Linux/Mac engine gauntlet, cluster testing

Discussion of anything and everything relating to chess playing software and machines.

Moderator: Ras

matthewlai
Posts: 793
Joined: Sun Aug 03, 2014 4:48 am
Location: London, UK

Linux/Mac engine gauntlet, cluster testing

Post by matthewlai »

Just thought some people may be interested in this -

I am currently compiling a gauntlet of open source Linux/OSX chess engines for testing.

It's still work-in-progress and doesn't work, yet, but it's available here - http://bitbucket.matthewlai.ca/chessgauntlet

All engines in the gauntlet have licenses that allow distribution of modified copies (I believe all of them are GPL so far, besides Crafty?). I have about 30 engines in there so far, of varying strengths, from Stockfish to 2000 ELO engines.

They are also all in C/C++, mostly because I don't know other languages well enough to fix other people's code (and some of them... are really quite atrocious).

I originally planned to include <2000 engines as well, but had to give up since code quality is actually pretty well correlated with engine strength in most cases (many exceptions of course), and most <2000 engines just take way too long to fix (and I imagine would be more buggy as well).

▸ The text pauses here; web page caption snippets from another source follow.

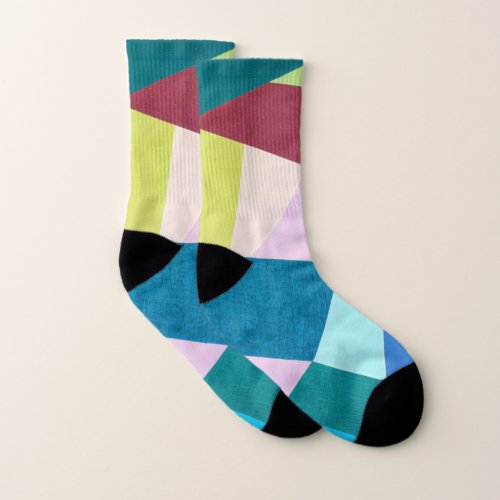 Abstract Geometric Shapes Textile Pattern  Socks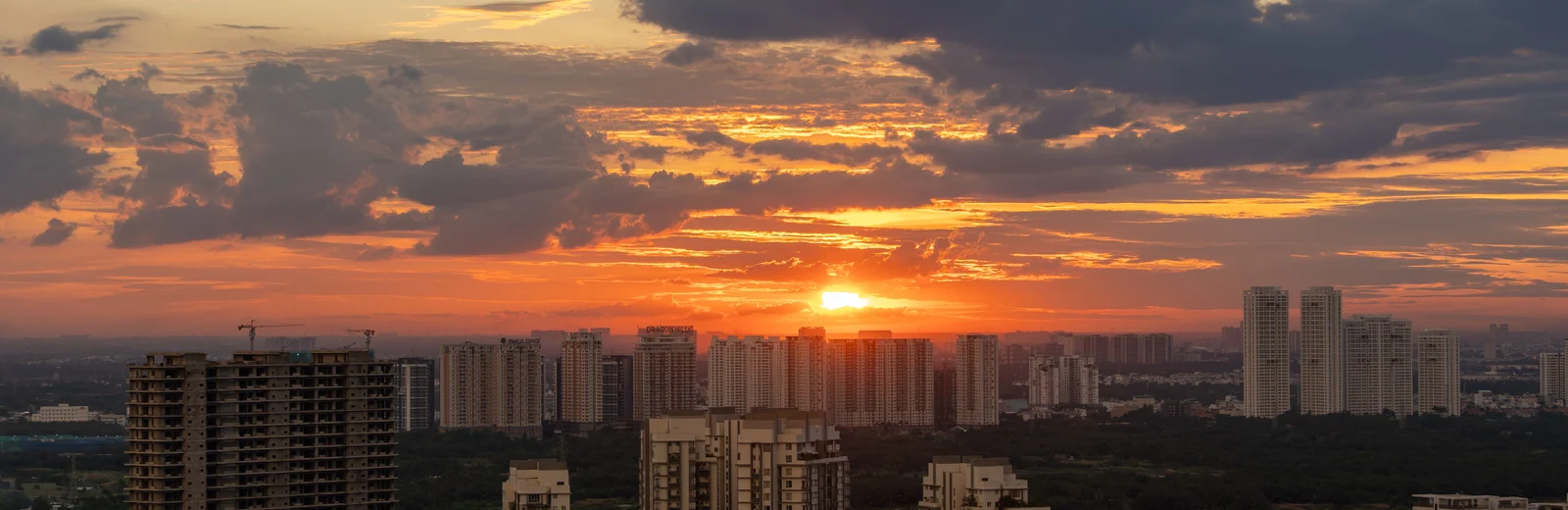 Skyline of Notified Area, Lucknow at golden hour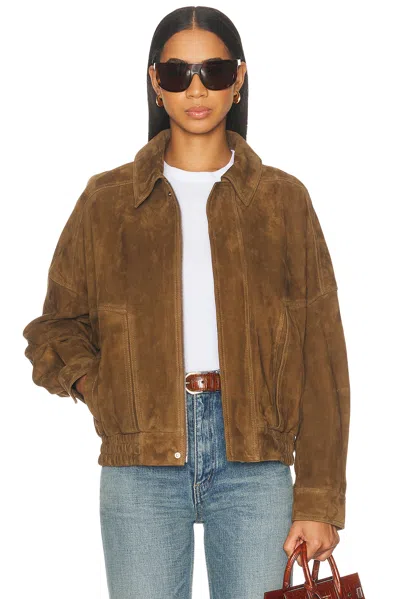 Nour Hammour Dalma Suede Jacket In Brown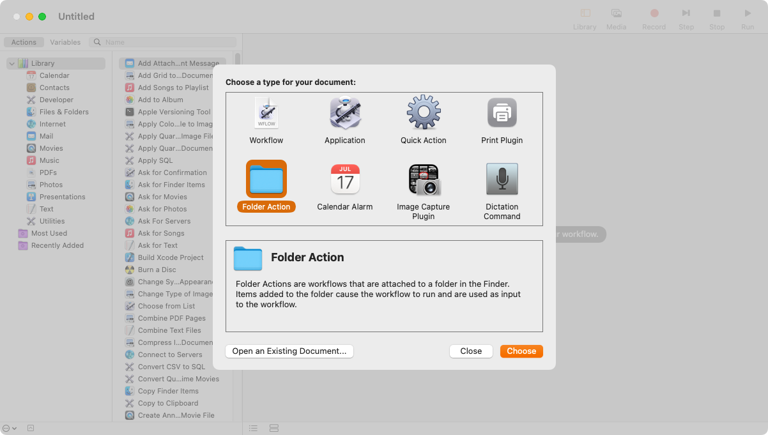 A dialog asking the user to choose a document type, from options like Workflow and Quick Action.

I fixed the engines so that they all compile under latest LLVM (and GCC later - though I suspect there won't be much work for that, since most engines were written for GCC).

I also have a build script that builds all the engines from source.

I am not really interested in supporting Windows at this time, because it's a lot of work, and my end goal is to do cluster testing with this gauntlet, and of course no cluster runs Windows.

I am also writing a text mode program that matches engines without depending on any external library (important for clusters... especially other people's clusters).

Has anyone done something similar to this before?

Also, anyone has experience with using clusters for testing? I know Crafty is tested on Dr. Hyatt's cluster, but I'm surprised it's not used for more engines since clusters are relatively widely available now - many universities have them, and there are commercial HPC services as well, like Penguin Computing.
Disclosure: I work for DeepMind on the AlphaZero project, but everything I say here is personal opinion and does not reflect the views of DeepMind / Alphabet.
bob
Posts: 20943
Joined: Mon Feb 27, 2006 7:30 pm
Location: Birmingham, AL

Re: Linux/Mac engine gauntlet, cluster testing

Post by bob »

matthewlai wrote:Just thought some people may be interested in this -

I am currently compiling a gauntlet of open source Linux/OSX chess engines for testing.

It's still work-in-progress and doesn't work, yet, but it's available here - http://bitbucket.matthewlai.ca/chessgauntlet

All engines in the gauntlet have licenses that allow distribution of modified copies (I believe all of them are GPL so far, besides Crafty?). I have about 30 engines in there so far, of varying strengths, from Stockfish to 2000 ELO engines.

They are also all in C/C++, mostly because I don't know other languages well enough to fix other people's code (and some of them... are really quite atrocious).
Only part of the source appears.